Interview with Coretta Scott King
QUESTION 29
INTERVIEWER:

THAT TOOK CARE OF THE LAST THREE QUESTIONS. AND THEN GO AHEAD TO ALBANY. WYATT T. WALKER SAID TO US THAT IF SCLC HAD HAD MORE CONTROL OF THINGS, IF THEY'D HAD STRONGER CONTROL, AND DR. KING HAD HAD STRONGER CONTROL, THINGS WOULD HAVE TURNED OUT BETTER IN ALBANY. DO YOU THINK THAT DR. KING WAS HIMSELF FRUSTRATED ABOUT THE LACK OF COHERENCE IN ALBANY?

Coretta Scott King:

Well, I don't think that, I mean, I, I'm just talking, I'm not speaking about what Reverend Walker said. I'm speaking about what I understood of Albany and what I think the difficulty was in Albany, and I think Albany is perhaps one of the least understood of the campaigns. We were dealing with a more humane police force, number one, law enforcement body, and they, they did what they were supposed to do. When you break the law, what do you expect? You expect to get arrested and go to jail.
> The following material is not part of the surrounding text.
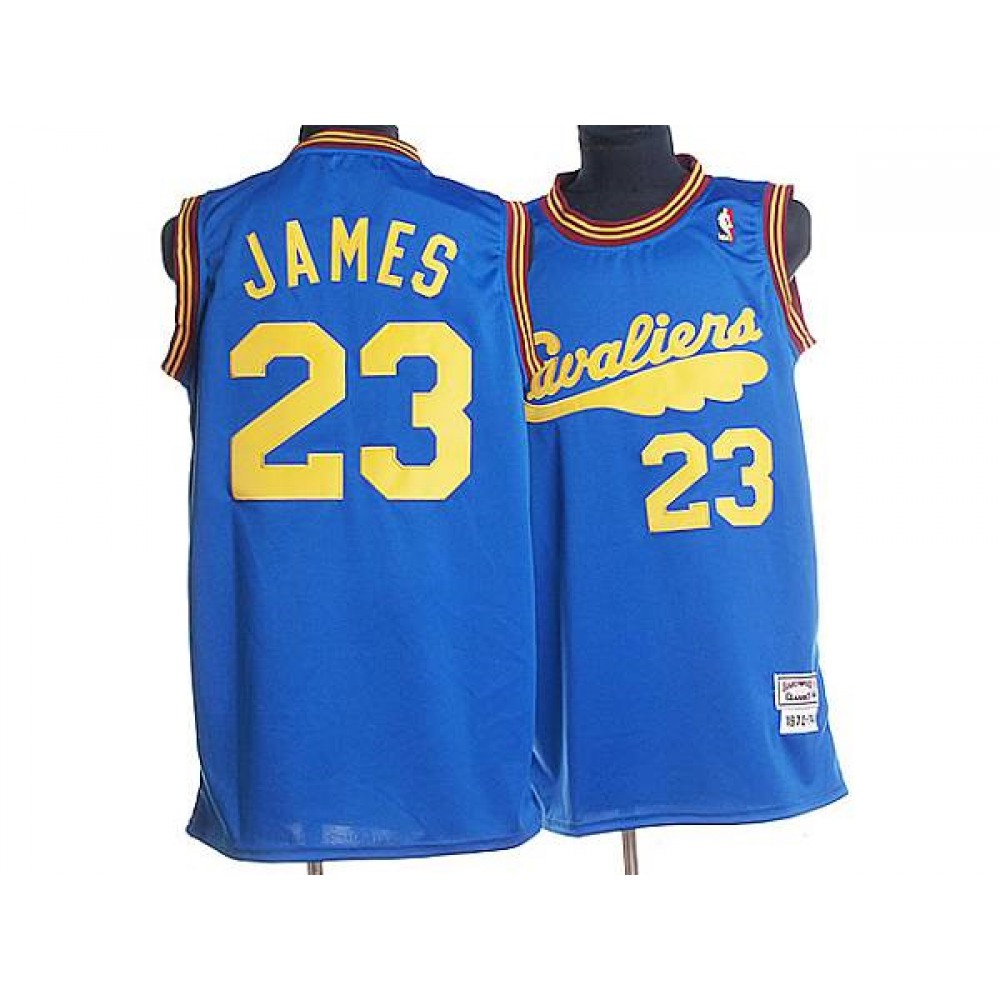 Mitchell and Ness Cavaliers #23 LeBron James Blue Throwback Stitched NBA Jersey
In, in other communities, they were more brutal, they were more inhumane, and there were confrontations. And very often, it was the confrontations that caused people to pay attention to what was going on. In Albany we had a federal injunction placed against us. And when the federal court started ruling against us, that created a whole different thing in terms of what strategy do you use now? Because up to that point, Martin had been willing to break state laws, that were unjust laws, and our ally was the federal judiciary. And so if we would take our case to the federal court, and the federal court ruled against us, what recourse did we have? ** So we were working in concert with the federal laws, all the time, in the South, up to that point. But, so what we were—he was asking Senator Kennedy, I mean President Kennedy, and the Attorney General, Bobby Kennedy, for an intercession in Albany. That, that they needed, he needed some intercession. He was asking them, the Justice Department, to intercede, as a friend of the court, so that that injunction could be lifted. Because if you break the federal injunction, that would be a problem. And that was essentially the problem in Albany.